* AIM OF THE TASK: From the records below, extract only the lines running from the line with "A researchers in" to the line with "Close up of", both lines included, reproducing them exactly.

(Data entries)
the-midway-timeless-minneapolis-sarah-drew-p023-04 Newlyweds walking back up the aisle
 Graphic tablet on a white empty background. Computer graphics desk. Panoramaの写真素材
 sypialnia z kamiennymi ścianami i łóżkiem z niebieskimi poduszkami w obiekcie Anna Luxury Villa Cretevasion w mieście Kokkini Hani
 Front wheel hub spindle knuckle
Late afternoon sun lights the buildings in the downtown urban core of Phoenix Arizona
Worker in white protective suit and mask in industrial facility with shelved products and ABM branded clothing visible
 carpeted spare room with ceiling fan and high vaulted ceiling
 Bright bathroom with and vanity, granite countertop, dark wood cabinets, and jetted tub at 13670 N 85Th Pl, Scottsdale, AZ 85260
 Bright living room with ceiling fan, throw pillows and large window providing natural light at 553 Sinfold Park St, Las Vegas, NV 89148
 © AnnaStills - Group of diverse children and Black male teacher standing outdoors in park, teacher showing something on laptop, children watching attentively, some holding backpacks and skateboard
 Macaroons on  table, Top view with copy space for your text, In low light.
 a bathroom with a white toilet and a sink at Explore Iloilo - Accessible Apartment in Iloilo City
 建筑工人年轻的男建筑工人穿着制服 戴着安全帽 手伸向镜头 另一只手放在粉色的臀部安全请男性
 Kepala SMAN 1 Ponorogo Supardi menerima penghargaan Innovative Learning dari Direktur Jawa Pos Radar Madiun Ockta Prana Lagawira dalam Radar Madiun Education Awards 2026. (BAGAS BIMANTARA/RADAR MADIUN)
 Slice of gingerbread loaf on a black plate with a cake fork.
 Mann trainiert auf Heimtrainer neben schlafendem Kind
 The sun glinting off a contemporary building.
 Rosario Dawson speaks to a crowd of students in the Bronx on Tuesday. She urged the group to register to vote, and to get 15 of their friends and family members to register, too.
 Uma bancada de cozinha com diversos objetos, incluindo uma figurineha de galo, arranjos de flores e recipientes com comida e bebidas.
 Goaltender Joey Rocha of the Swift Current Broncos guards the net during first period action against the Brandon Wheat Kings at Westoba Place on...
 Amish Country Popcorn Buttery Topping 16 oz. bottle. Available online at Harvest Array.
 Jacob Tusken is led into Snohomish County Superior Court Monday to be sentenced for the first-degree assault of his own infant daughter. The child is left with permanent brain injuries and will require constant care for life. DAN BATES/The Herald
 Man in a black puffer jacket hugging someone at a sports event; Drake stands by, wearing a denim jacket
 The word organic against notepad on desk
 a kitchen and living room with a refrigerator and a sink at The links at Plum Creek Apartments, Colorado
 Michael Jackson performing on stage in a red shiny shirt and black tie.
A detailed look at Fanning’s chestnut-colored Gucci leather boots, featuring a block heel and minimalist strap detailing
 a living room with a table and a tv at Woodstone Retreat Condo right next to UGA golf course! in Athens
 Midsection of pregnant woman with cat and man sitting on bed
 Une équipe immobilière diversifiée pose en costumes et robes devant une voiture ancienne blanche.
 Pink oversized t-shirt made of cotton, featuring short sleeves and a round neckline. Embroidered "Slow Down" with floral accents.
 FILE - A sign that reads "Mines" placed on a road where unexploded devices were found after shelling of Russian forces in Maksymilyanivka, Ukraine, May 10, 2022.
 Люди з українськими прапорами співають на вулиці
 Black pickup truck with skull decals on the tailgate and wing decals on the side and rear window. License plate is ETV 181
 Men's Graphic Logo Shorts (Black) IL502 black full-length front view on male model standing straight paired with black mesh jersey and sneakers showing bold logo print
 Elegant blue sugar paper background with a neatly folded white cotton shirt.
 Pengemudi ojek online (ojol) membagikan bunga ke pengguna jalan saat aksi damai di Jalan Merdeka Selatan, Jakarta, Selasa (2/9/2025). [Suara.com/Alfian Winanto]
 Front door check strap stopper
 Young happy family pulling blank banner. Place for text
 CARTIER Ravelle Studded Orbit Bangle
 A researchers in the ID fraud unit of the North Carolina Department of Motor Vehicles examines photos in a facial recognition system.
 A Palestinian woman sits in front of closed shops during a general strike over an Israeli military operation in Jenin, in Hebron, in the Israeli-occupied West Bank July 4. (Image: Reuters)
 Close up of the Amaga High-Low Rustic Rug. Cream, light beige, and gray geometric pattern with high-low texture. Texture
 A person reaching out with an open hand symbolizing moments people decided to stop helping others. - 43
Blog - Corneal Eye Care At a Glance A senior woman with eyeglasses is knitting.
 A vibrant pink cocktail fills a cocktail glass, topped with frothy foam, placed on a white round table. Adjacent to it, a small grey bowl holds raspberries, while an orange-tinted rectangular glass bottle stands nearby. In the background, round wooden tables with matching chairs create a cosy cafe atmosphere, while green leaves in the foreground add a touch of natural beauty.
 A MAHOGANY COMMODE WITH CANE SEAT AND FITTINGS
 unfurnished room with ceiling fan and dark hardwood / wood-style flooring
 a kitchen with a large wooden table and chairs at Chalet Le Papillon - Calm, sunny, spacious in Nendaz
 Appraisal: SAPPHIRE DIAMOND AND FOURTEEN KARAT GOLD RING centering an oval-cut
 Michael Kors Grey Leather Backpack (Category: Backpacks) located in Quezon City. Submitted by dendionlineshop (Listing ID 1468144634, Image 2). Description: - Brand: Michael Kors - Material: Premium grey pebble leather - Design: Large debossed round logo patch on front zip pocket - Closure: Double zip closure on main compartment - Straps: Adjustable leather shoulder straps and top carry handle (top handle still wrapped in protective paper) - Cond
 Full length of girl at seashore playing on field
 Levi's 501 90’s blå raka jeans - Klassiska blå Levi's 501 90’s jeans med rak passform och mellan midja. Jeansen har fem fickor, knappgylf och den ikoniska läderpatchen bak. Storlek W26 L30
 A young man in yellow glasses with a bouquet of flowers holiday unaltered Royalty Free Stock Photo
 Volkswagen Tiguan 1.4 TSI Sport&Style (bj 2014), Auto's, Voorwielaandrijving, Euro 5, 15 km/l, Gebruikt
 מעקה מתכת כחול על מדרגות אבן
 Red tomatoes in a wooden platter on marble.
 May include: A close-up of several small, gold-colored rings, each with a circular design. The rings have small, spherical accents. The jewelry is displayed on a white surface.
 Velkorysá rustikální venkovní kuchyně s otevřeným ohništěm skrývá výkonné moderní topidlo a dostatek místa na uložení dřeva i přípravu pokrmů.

* EXERCISE RESPONSE:
 A researchers in the ID fraud unit of the North Carolina Department of Motor Vehicles examines photos in a facial recognition system.
 A Palestinian woman sits in front of closed shops during a general strike over an Israeli military operation in Jenin, in Hebron, in the Israeli-occupied West Bank July 4. (Image: Reuters)
 Close up of the Amaga High-Low Rustic Rug. Cream, light beige, and gray geometric pattern with high-low texture. Texture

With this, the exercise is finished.